Marshall's memoir will be available as a hardcover and an e-book. Strone told The Associated Press that several publishers bid, but that Amazon "won the auction." He declined to offer financial details, but said that Amazon's offer was "a lot" and that it also agreed _ as it usually does _ to a much higher royalty on e-books than the 25 percent traditionally given by publishers.
"It was a decision whether to go with old school or new school," said Strone, CEO of Trident Media Group.
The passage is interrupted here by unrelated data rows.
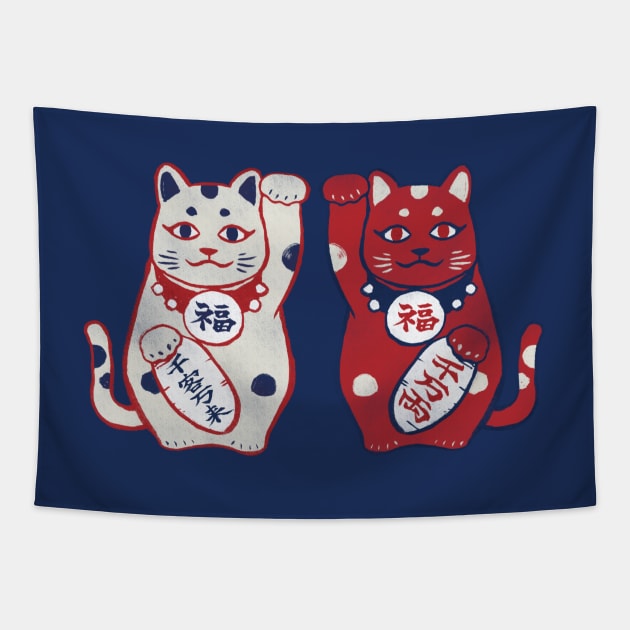 Maneki Neko（招き猫） Tapestry by akaneyabushita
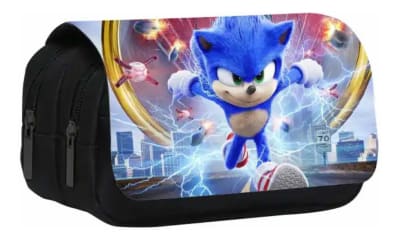 Estuche Escolar Lápices Sonic 2 Anillo 3compartimientos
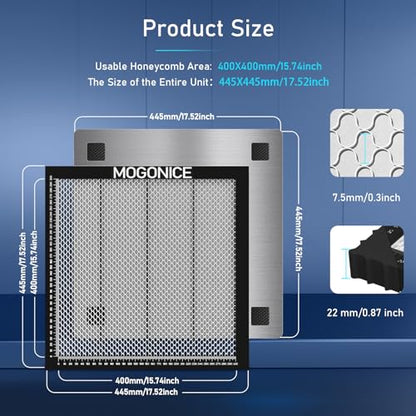 Mogonice Honeycomb Laser Bed 445x445mm 17.5''x17.5'', Magnetic Steel Honeycomb Working Table for Laser Engraver, Fast Heat Dissipation, Table - WoodArtSupply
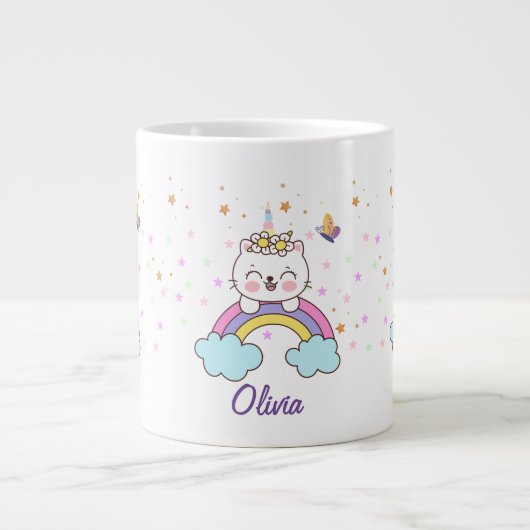 Grande Tasse Cute Unicorn Chat Rainbow Stars Anniversaire Nom d (Devant)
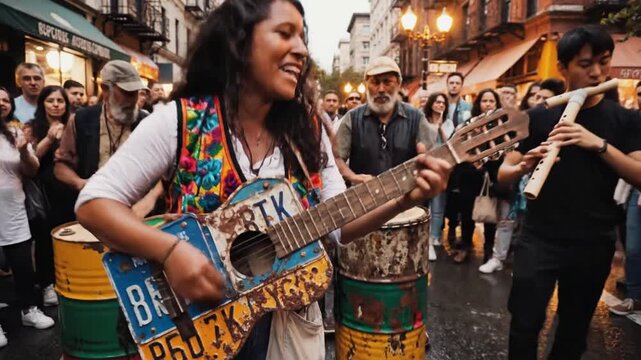 Musicians performing with crowd on vibrant New York street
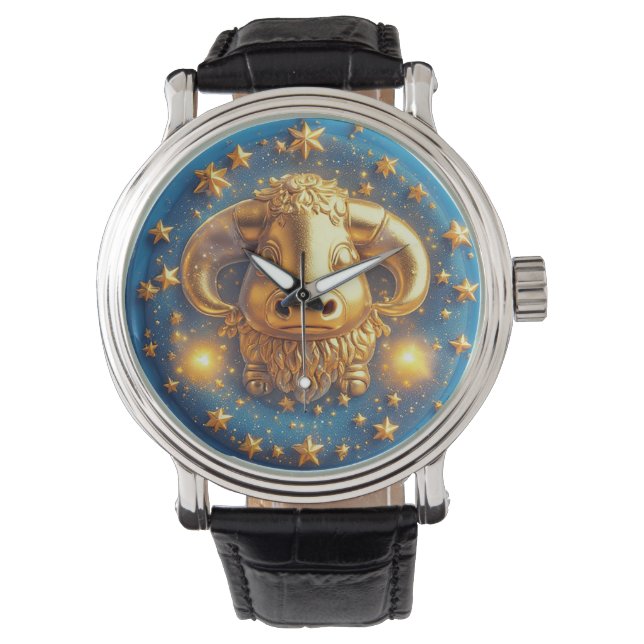 Taurus Zodiac Symbol birthday gift Watch (Front)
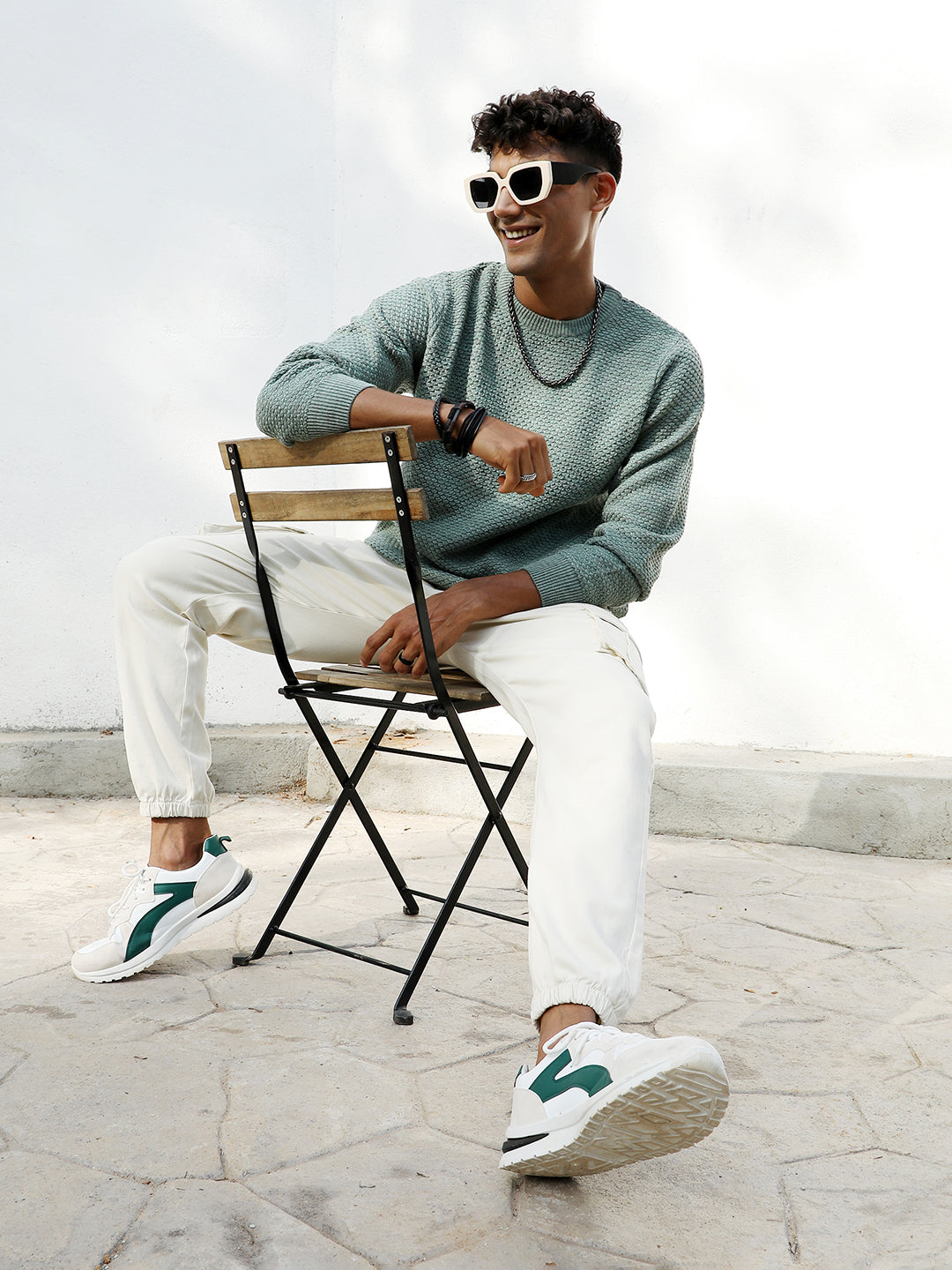 Textured Knit Pullover Sweater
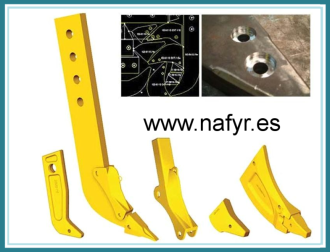 Una imagen de algunos equipos amarillos y el sitio web www.nafyr.es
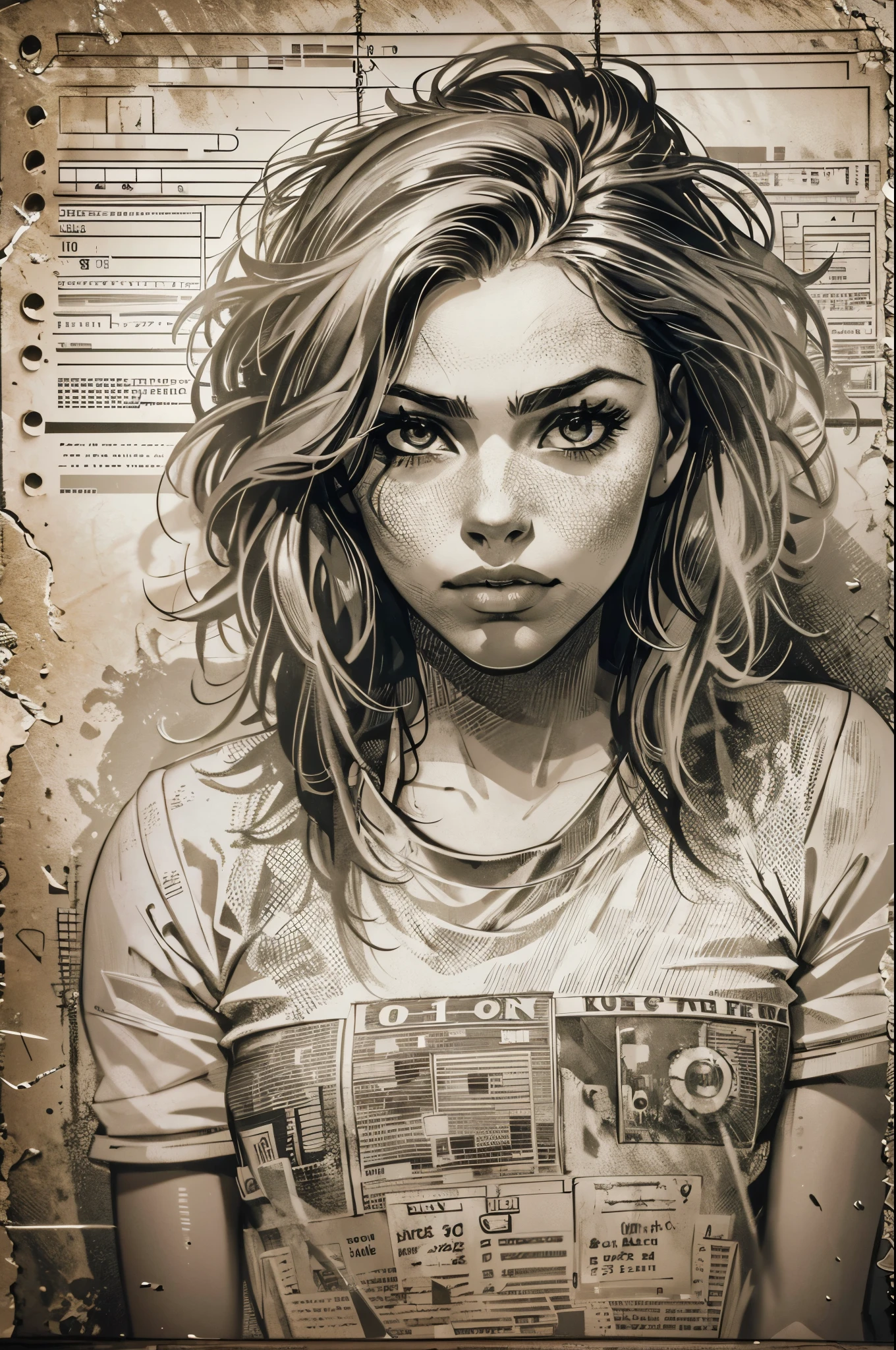 A girl in a mugshot, sketch, black and white, detailed features, vintage style, high contrast lighting, expressive eyes, tousled hair. (best quality, highres, realistic:1.37), vintage, monochrome, intense gaze, dramatic lighting, rugged background, distressed paper texture, retro vibes, id photo, front view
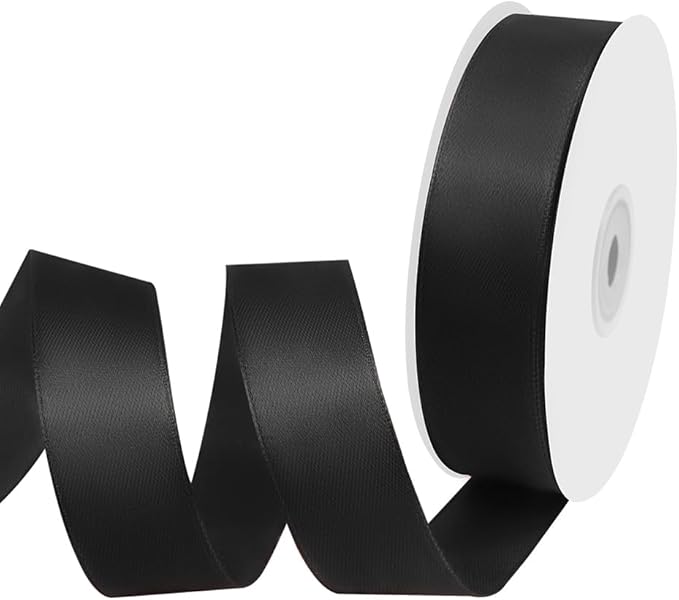 1" Width x 50 Yards Satin Fabric Ribbon, Black Ribbon Perfect for DIY Bows, Swags, Gift Wrapping, Craft, Flower Bouquet，Christmas and Halloween Party Decoration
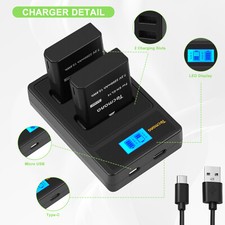 2Pack EN-EL14 EL14a Battery For Nikon D5200 D5100 D3500 D3200 P7800+Dual Charger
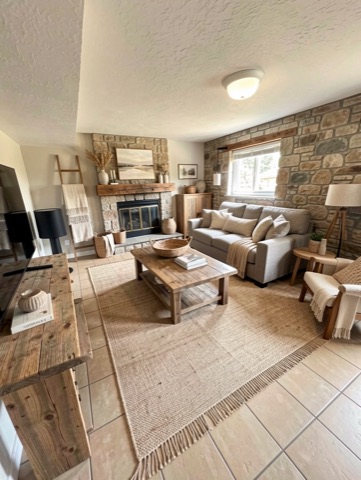 Basement family (staged) — Rustic Modern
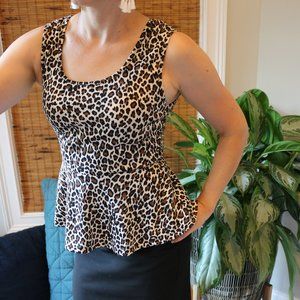 Charlotte Russe leopard print tank top with flare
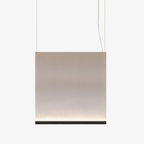 Square Clérachic fabric pendant with a black bottom bar, hung on two wires, the taupe fabric brightening towards the base.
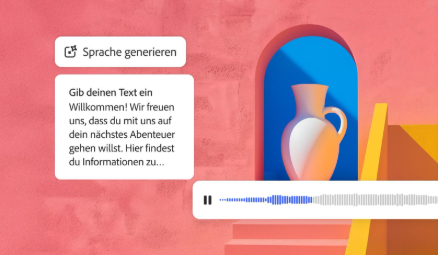 Digitale Oberfläche zum Generieren von Sprache mit einem Textfeld mit Begrüßung, dem Symbol „Sprache generieren“ und einer Audio-Wellenform unter der Illustration einer weißen Vase in einer blauen Bogennische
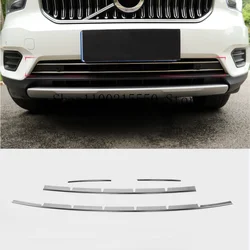 For volvo xc40 2018 2019 2020 2021 front bumper bright strip net front lip anti-collision decoration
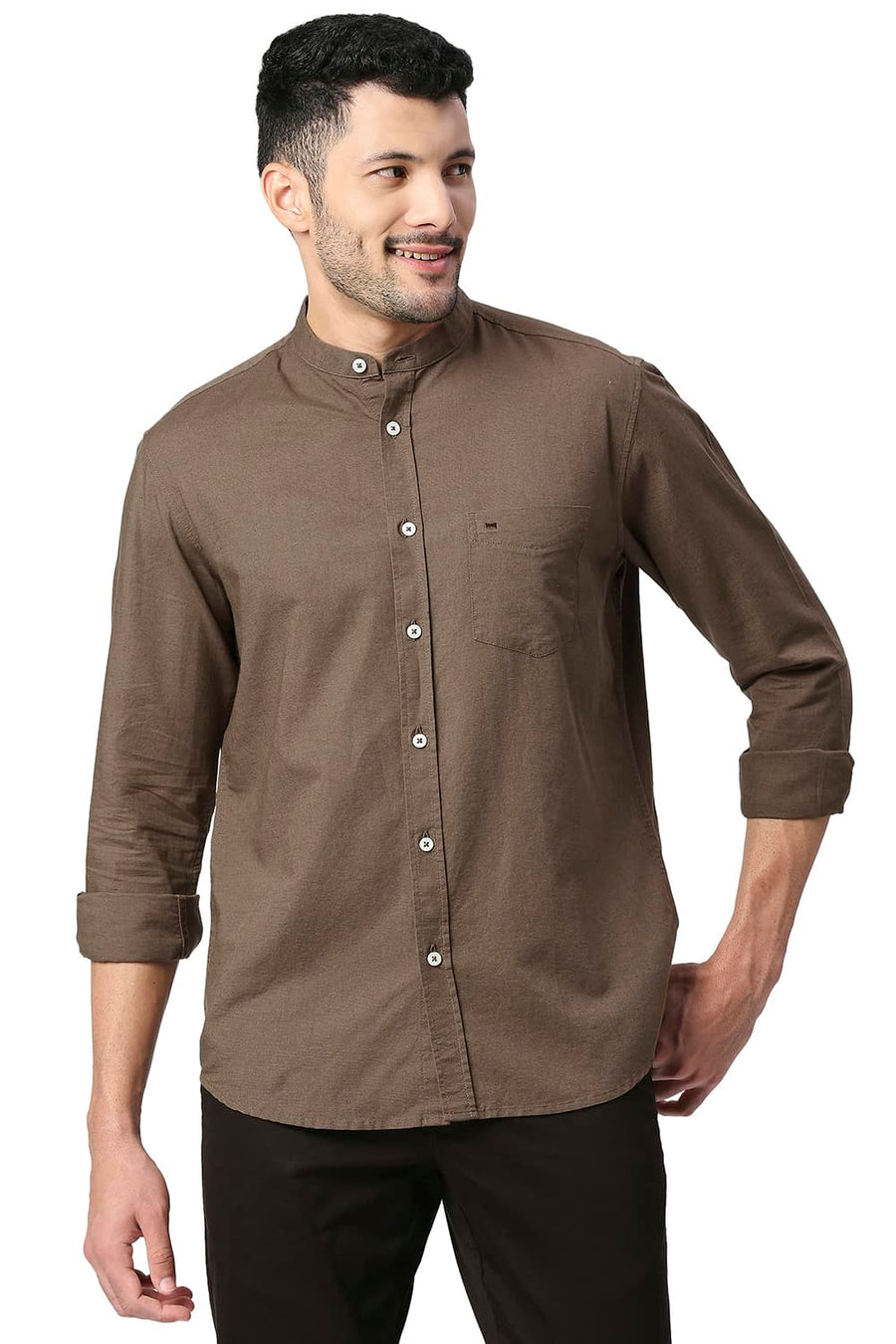 BASICS SLIM FIT FIR OLIVE COTTON LINEN SHIRT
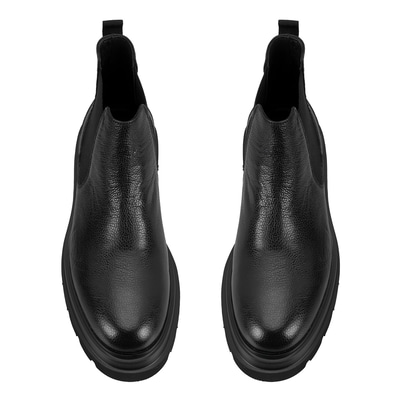 Pietsa Siyah Erkek Lastikli Deri Chelsea Bot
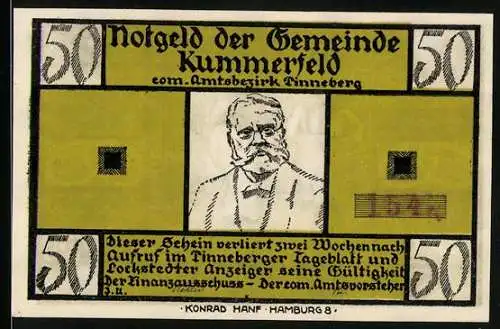 Notgeld Kummerfeld, 50 Pfennig, Fritz Reuter im Porträt, De Wett-Gedicht von Fritz Reuter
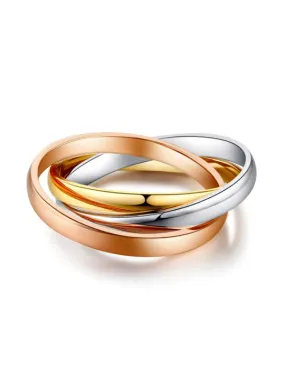 3-Color Multi-Tone 14K Solid White, Rose, Yellow Gold Wedding Band Ring Entwined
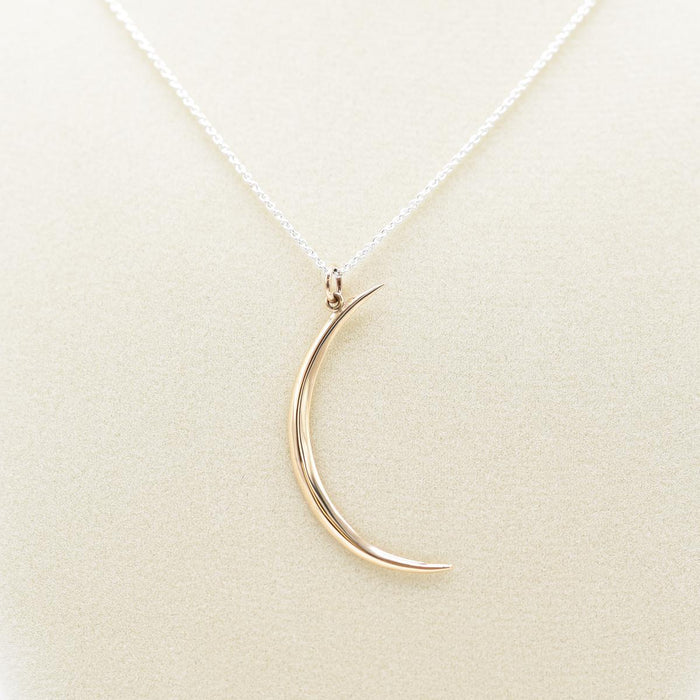 Bronze Crescent Moon Necklace on jewelry form
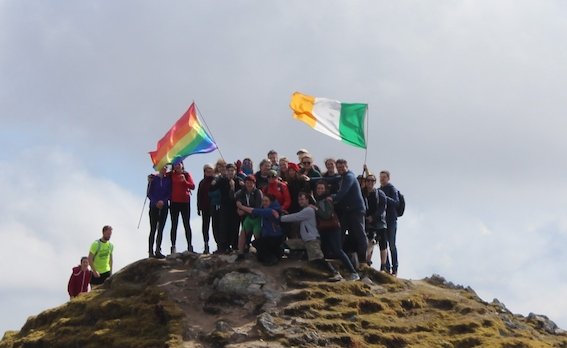The Yes Campaign on top of Errigal.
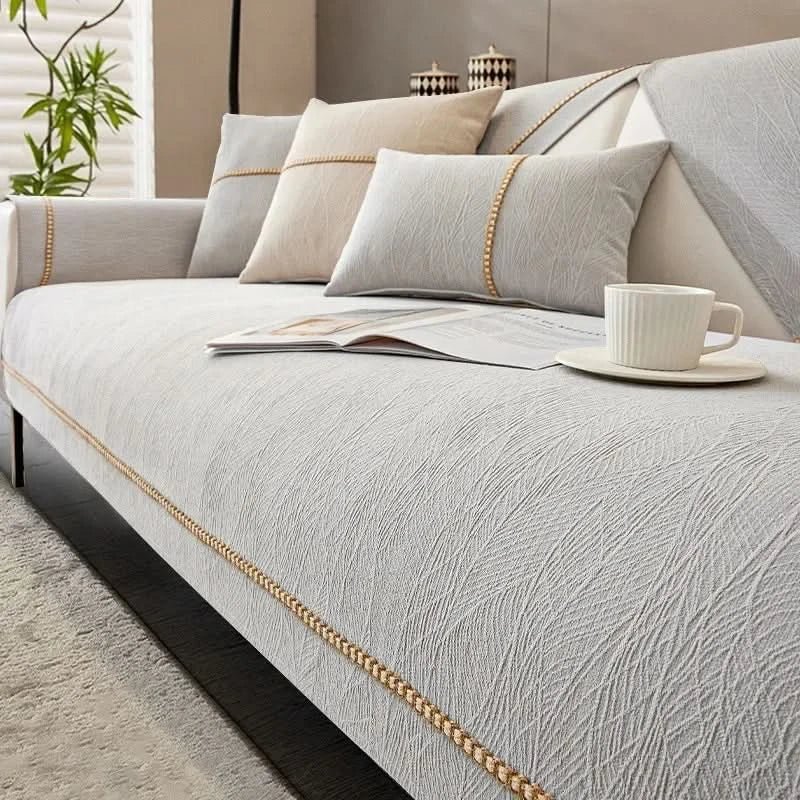 Elegant sofa cover made of high-quality linen for optimal protection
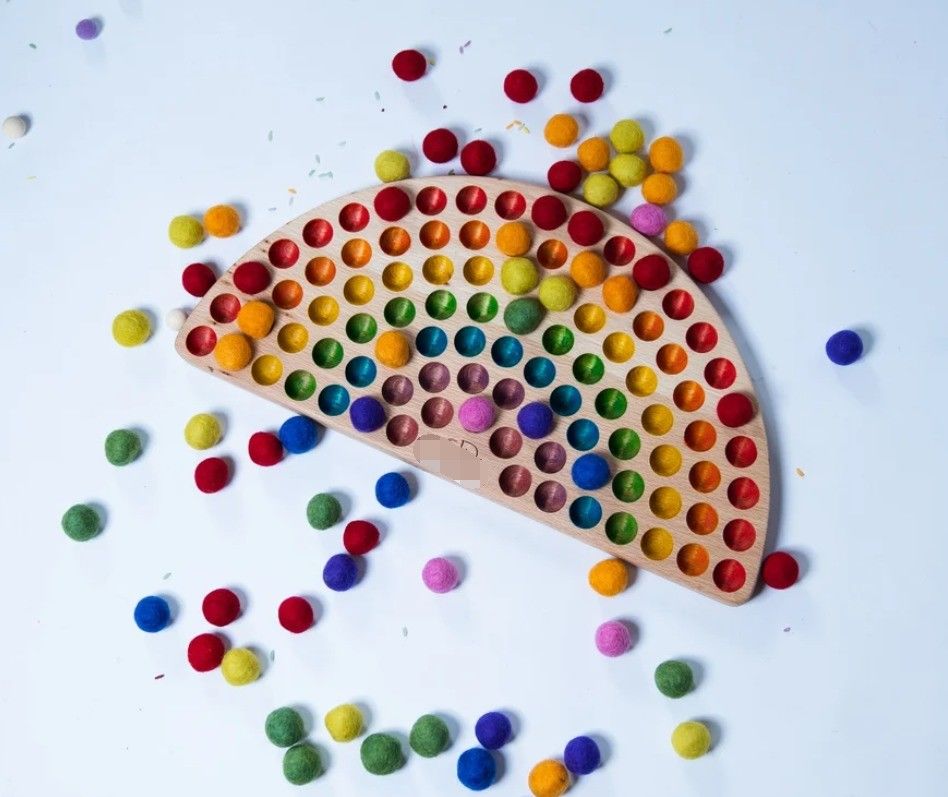 Handmade Wooden Montessori Rainbow Color Learning Toy for 2-4 Years Old As Your Request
He added that he had a history of working with the head of Amazon Publishing, Laurence J. Kirshbaum, who as CEO of Warner Books published another Strone client, Jon Stewart.
Amazon, which has been steadily expanding its publishing operations, recently signed a deal with best-selling self-help author Timothy Ferris and on Tuesday announced that it had started an imprint for science fiction, fantasy and horror. Publishers and booksellers have been worried about Amazon's dual roles as client and competitor and rival stores have expressed strong reservations about selling books released by Amazon.
Amazon Publishing editorial director Julia Cheiffetz said she regarded Marshall as a "trailblazer" in show business and that she hoped to find "new and innovative" ways for Marshall to reach readers. Amazon has angered stores by signing deals with authors that make the online retailer the exclusive seller, but Cheiffetz said that Amazon intended "to make this book available to any retailer that would like to carry it in physical or digital format."